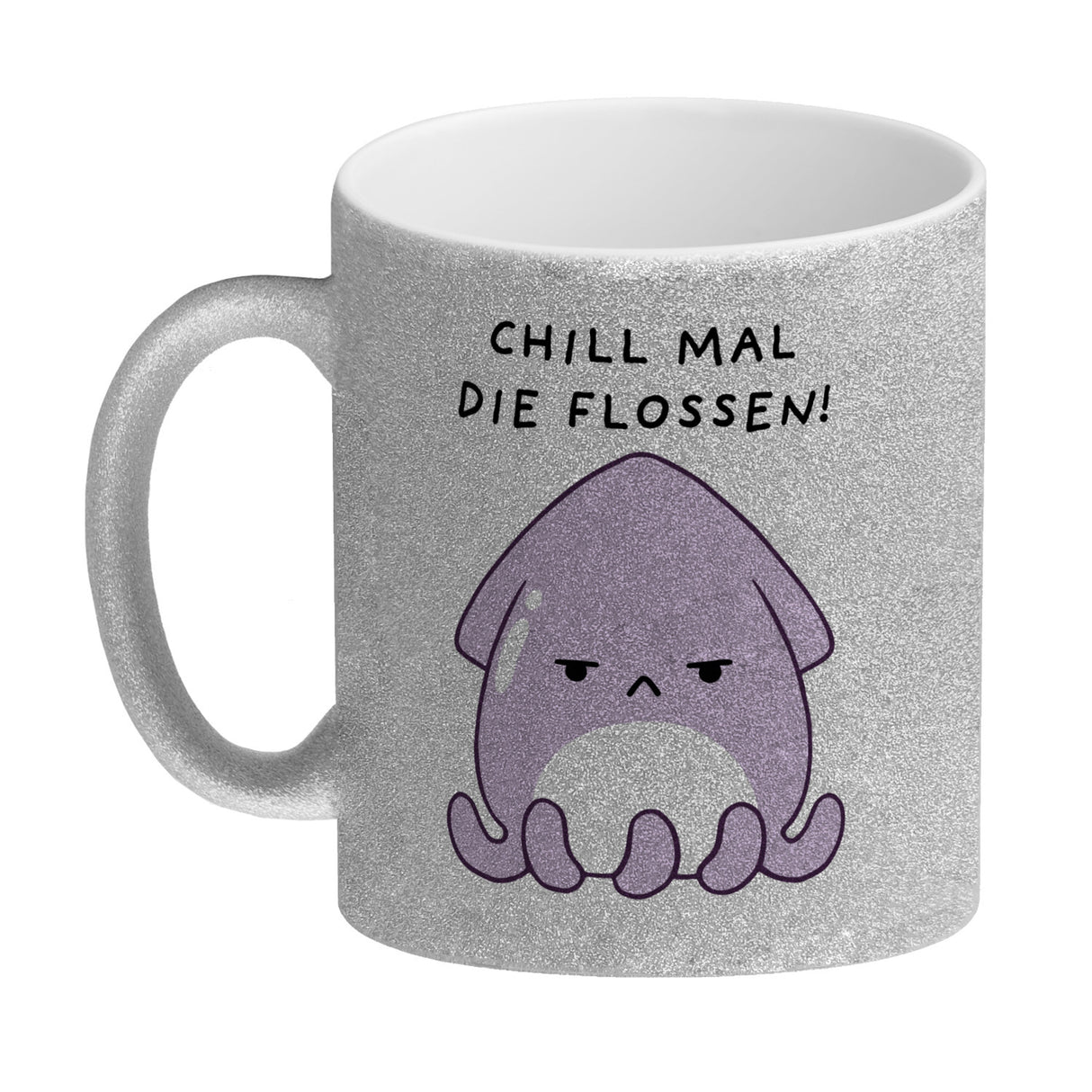 Jelly & Friends Tintenfisch Kaffeebecher mit Spruch Chill mal die Flossen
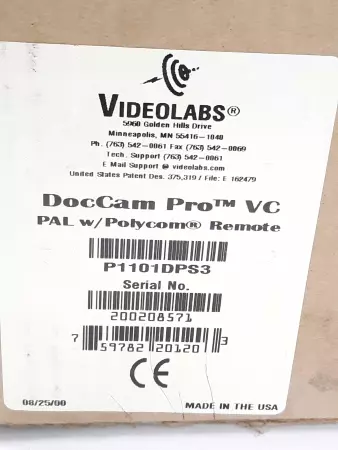 Videolabs P1101DPS3 DocCam Pro Pal W/Scan Converter 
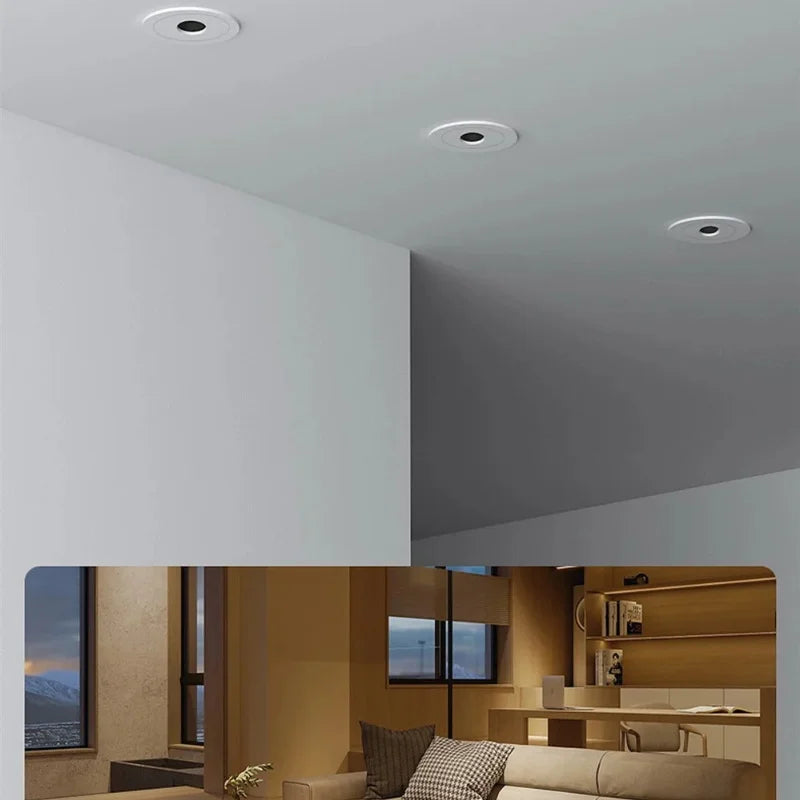 Small round hole deep anti-glare spotlights, embedded hotel living room and bedroom ceiling lights, adjustable background wall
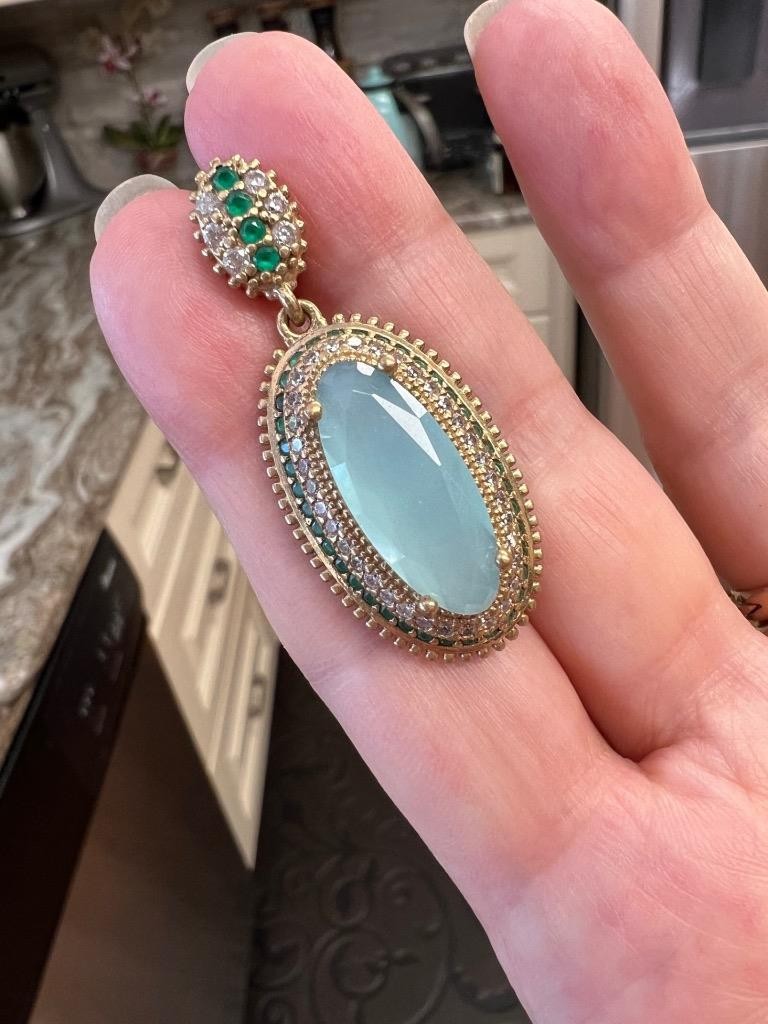REAL Milky Aquamarine 14K Gold on SOLID 925 White Sapphire Victorian Rev Oblong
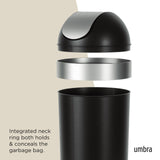 Umbra Venti Kitchen Trash Can with Swing Top Lid, Large 16-Gallon (62 L) Capacity, Black/Nickel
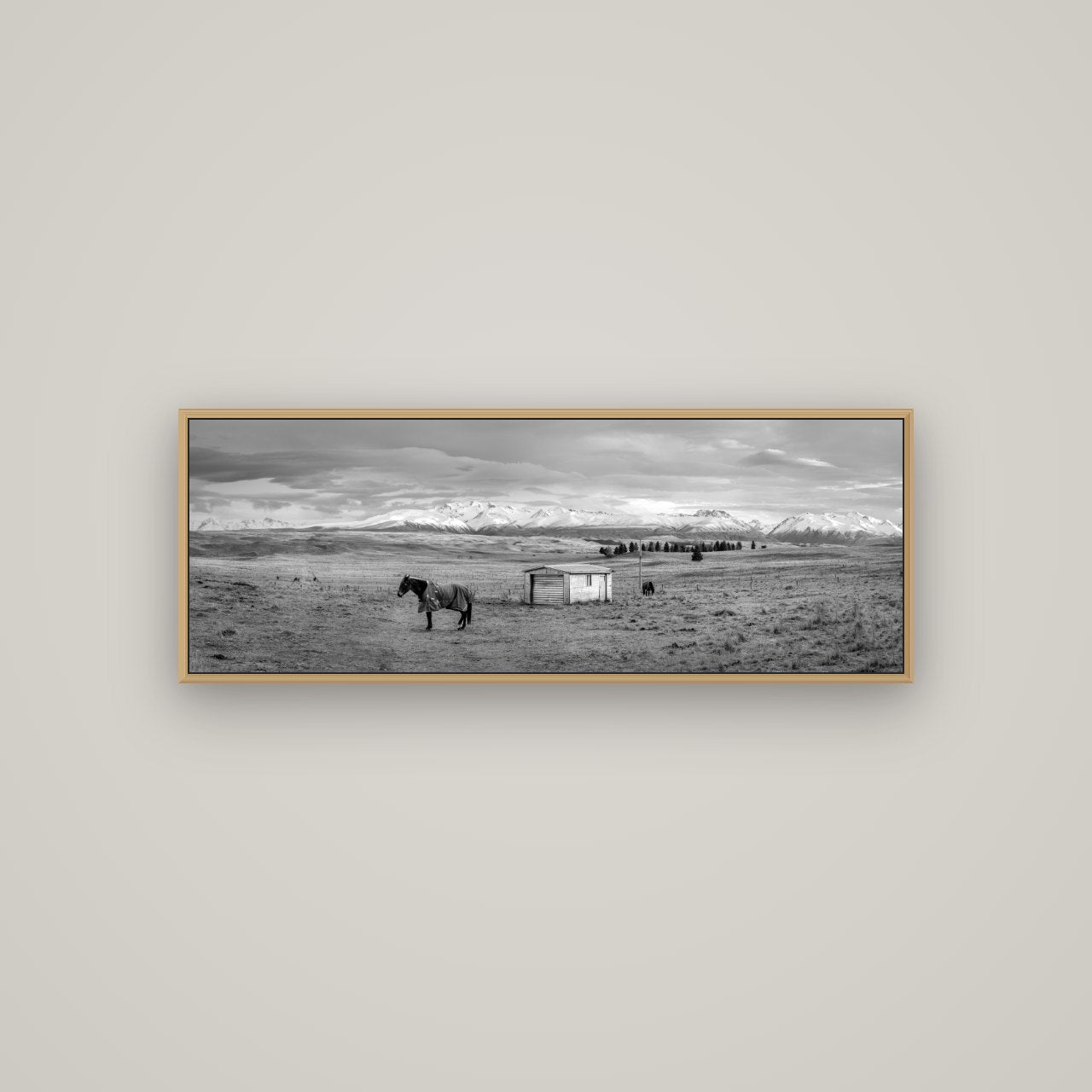 Ethereal Morning, Ben Ohau's Awakening, Basel Natural Oak, 113×40 cm. New Zealand fine art wall art by Stephen Milner.
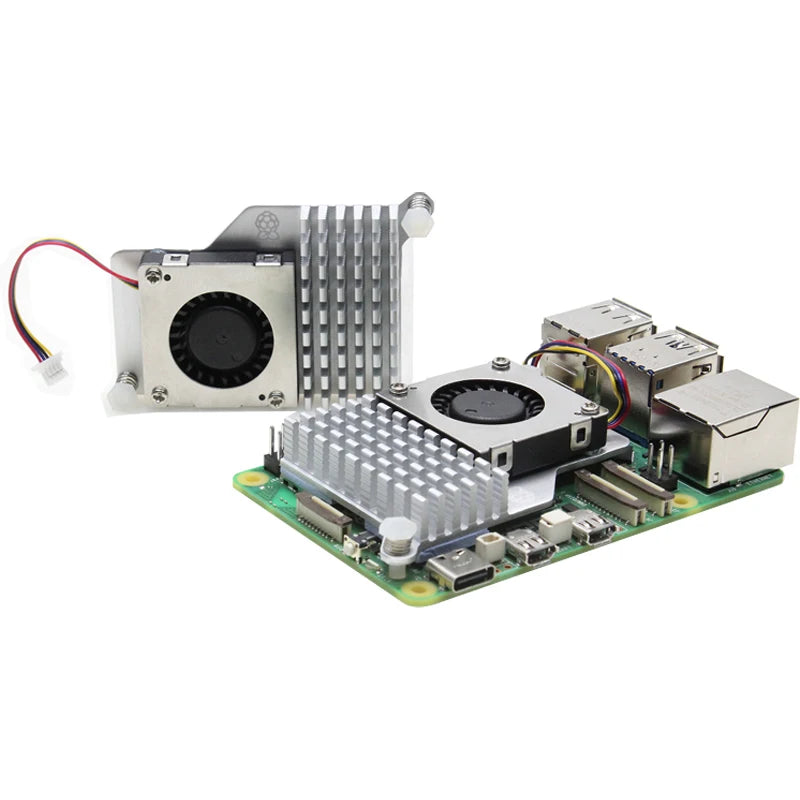 Aluminium Heatsink with Temperature-Controlled Blower Active Cooler Cooling Fan for Raspberry Pi 5 Electronic Modules and Kits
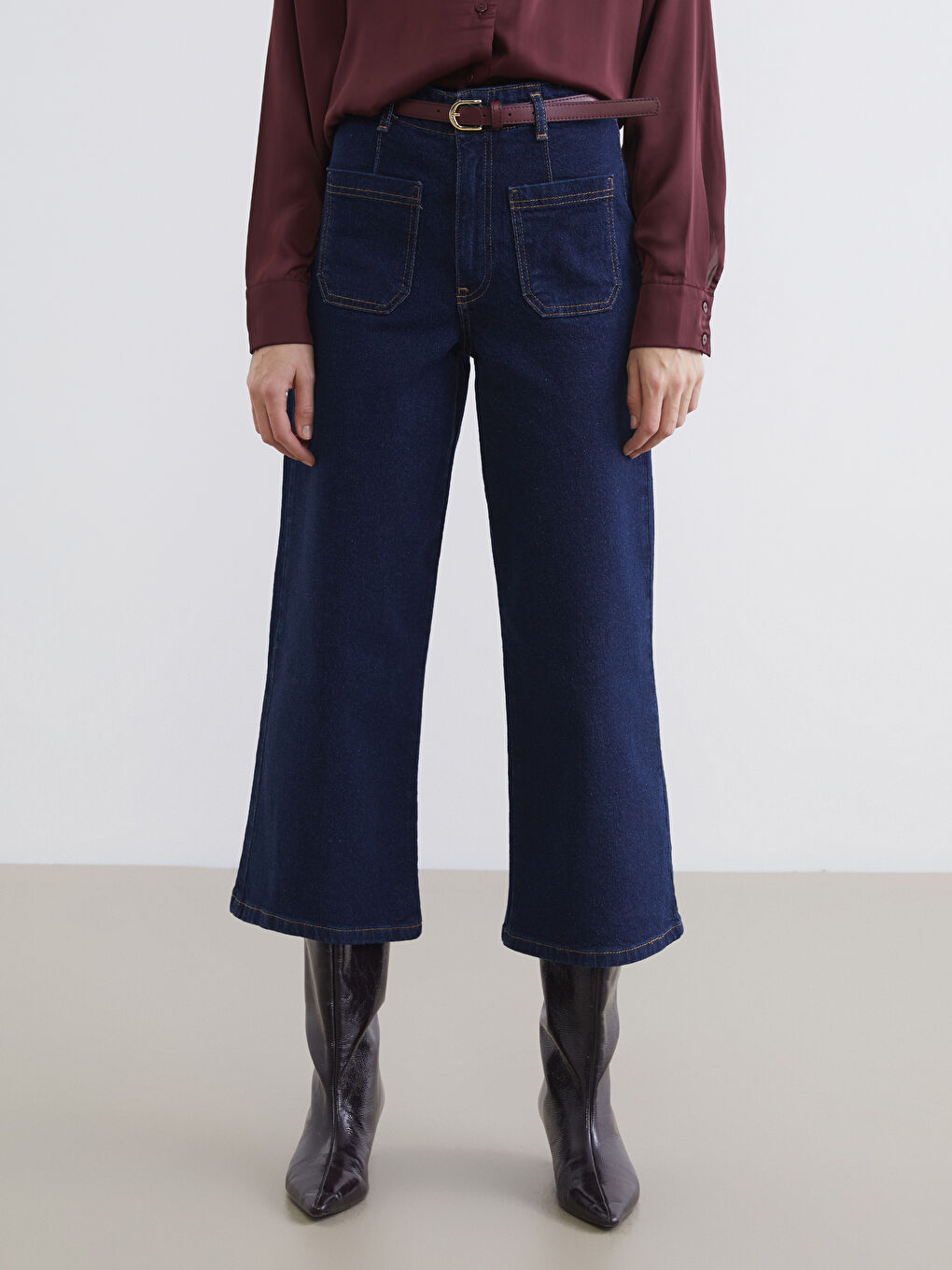 İndigo Beli Kemerli Wideleg Kadın Jean Pantolon-1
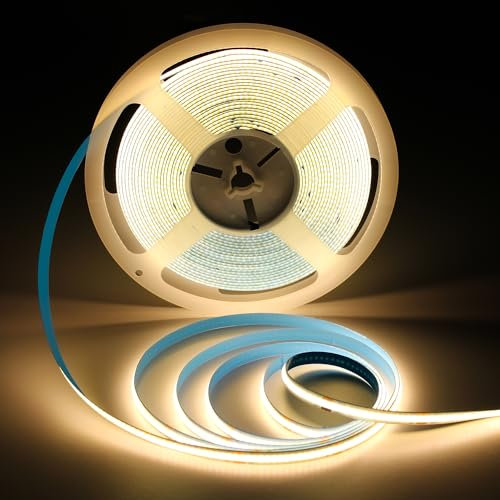 ShineBurky Striscia LED COB 10 Metri Bianco Caldo, 24V Strisce LED CRI93+ Larghezza 8mm LED Strip Light Tagliabile Flessibile Per TV Backlight Cucina Camera da Letto Decorazione (Senza Alimentatore)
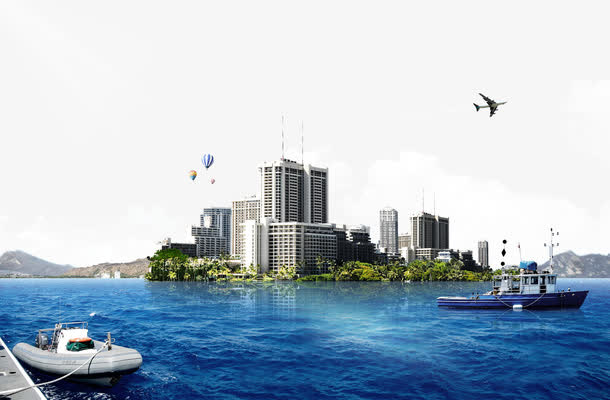 海滨城市免抠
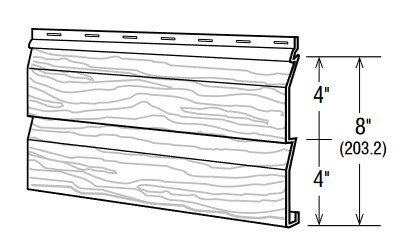 Siding Horizontal Double 4 Dutch woodgrain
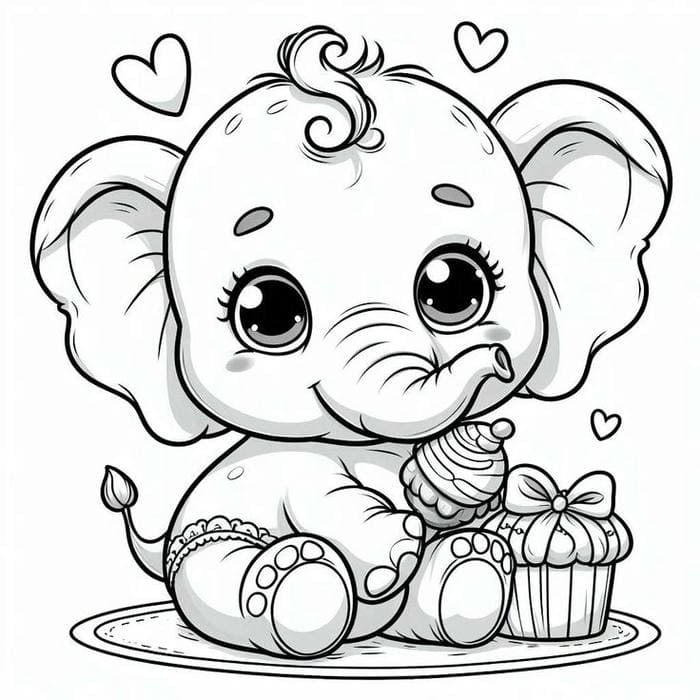 anh-tranh-to-mau-voi-con-cung-banh-cupcake Ảnh tranh tô màu voi con cùng bánh cupcake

○ ○ ○ ○ ○

## [PROBLEM DETAILS]
Drop the pictures and copy the data exactly.

## [RESULT OF THIS TASK]
 Jelly & Friends Tintenfisch Kaffeebecher mit Spruch Chill mal die Flossen
 Videolabs P1101DPS3 DocCam Pro Pal W/Scan Converter 
 Small round hole deep anti-glare spotlights, embedded hotel living room and bedroom ceiling lights, adjustable background wall
REAL Milky Aquamarine 14K Gold on SOLID 925 White Sapphire Victorian Rev Oblong
 Umbra Venti Kitchen Trash Can with Swing Top Lid, Large 16-Gallon (62 L) Capacity, Black/Nickel
 Ethereal Morning, Ben Ohau's Awakening, Basel Natural Oak, 113×40 cm. New Zealand fine art wall art by Stephen Milner.
 Aluminium Heatsink with Temperature-Controlled Blower Active Cooler Cooling Fan for Raspberry Pi 5 Electronic Modules and Kits
 İndigo Beli Kemerli Wideleg Kadın Jean Pantolon-1
 ShineBurky Striscia LED COB 10 Metri Bianco Caldo, 24V Strisce LED CRI93+ Larghezza 8mm LED Strip Light Tagliabile Flessibile Per TV Backlight Cucina Camera da Letto Decorazione (Senza Alimentatore)
 海滨城市免抠
 Siding Horizontal Double 4 Dutch woodgrain
 anh-tranh-to-mau-voi-con-cung-banh-cupcake Ảnh tranh tô màu voi con cùng bánh cupcake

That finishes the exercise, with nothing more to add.